Asegura muebles y televisores
Los muebles altos y televisores pueden volcarse si un niño trepa o tira de ellos. Utiliza anclajes adecuados para el tipo de mueble y pared.
Guarda productos peligrosos bajo llave
Medicinas, limpiadores, productos químicos, herramientas afiladas y otros artículos peligrosos deben estar fuera del alcance de los niños y guardados de forma segura.

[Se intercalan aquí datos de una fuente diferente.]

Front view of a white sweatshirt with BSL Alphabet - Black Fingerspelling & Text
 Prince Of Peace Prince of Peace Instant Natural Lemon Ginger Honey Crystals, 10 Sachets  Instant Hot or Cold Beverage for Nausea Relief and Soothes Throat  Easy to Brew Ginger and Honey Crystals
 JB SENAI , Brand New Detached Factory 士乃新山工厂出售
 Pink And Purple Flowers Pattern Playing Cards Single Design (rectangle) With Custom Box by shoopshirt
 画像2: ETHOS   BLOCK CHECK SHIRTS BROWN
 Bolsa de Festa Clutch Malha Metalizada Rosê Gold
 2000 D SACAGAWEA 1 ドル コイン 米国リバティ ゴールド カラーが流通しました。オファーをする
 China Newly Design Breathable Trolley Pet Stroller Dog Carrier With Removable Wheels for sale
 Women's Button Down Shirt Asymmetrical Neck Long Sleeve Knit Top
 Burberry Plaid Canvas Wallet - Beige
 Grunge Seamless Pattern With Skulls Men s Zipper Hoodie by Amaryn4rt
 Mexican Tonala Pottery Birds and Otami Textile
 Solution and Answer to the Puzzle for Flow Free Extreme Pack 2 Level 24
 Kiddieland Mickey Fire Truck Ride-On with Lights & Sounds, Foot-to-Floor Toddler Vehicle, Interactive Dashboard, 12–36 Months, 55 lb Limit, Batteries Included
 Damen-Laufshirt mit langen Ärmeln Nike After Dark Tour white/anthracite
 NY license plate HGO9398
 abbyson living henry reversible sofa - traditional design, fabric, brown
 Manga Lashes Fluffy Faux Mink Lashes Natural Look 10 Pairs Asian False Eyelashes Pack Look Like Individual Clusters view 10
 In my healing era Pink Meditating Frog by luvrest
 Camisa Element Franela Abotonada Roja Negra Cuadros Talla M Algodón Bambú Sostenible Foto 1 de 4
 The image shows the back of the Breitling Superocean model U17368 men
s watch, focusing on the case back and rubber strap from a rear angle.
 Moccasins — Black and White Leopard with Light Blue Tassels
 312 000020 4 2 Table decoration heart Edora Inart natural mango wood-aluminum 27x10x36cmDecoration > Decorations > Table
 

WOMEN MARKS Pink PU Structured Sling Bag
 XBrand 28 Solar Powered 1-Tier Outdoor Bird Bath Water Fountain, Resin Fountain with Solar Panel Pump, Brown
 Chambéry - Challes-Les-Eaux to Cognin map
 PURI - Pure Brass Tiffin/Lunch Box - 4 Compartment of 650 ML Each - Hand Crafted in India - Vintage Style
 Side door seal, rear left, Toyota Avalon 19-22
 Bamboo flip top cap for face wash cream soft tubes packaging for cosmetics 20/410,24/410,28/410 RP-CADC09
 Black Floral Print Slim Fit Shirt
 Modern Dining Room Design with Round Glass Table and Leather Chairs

Escaleras, puertas y ventanas
Usa barreras de seguridad apropiadas para la edad y la ubicación, especialmente en la parte superior de las escaleras. Mantén muebles que se puedan trepar lejos de ventanas y balcones.
Cocina y baño
Mantén cuchillos, encendedores, fósforos y productos de limpieza asegurados. Coloca los mangos de las sartenes lejos del borde. En el baño, supervisa siempre a los niños pequeños cerca del agua y considera superficies antideslizantes.
Alarmas y plan de emergencia
Mantén detectores de humo y monóxido de carbono en funcionamiento. Practica un plan familiar de salida y asegúrate de que los niños sepan dónde reunirse afuera.
Garaje y patio
Revisa herramientas, combustibles, fertilizantes, parrillas, fogatas, piscinas, portones y equipos de juego desde la perspectiva de un niño.
La meta no es eliminar todo riesgo. Es reducir los peligros graves, supervisar adecuadamente y actualizar la casa a medida que el niño desarrolla nuevas habilidades.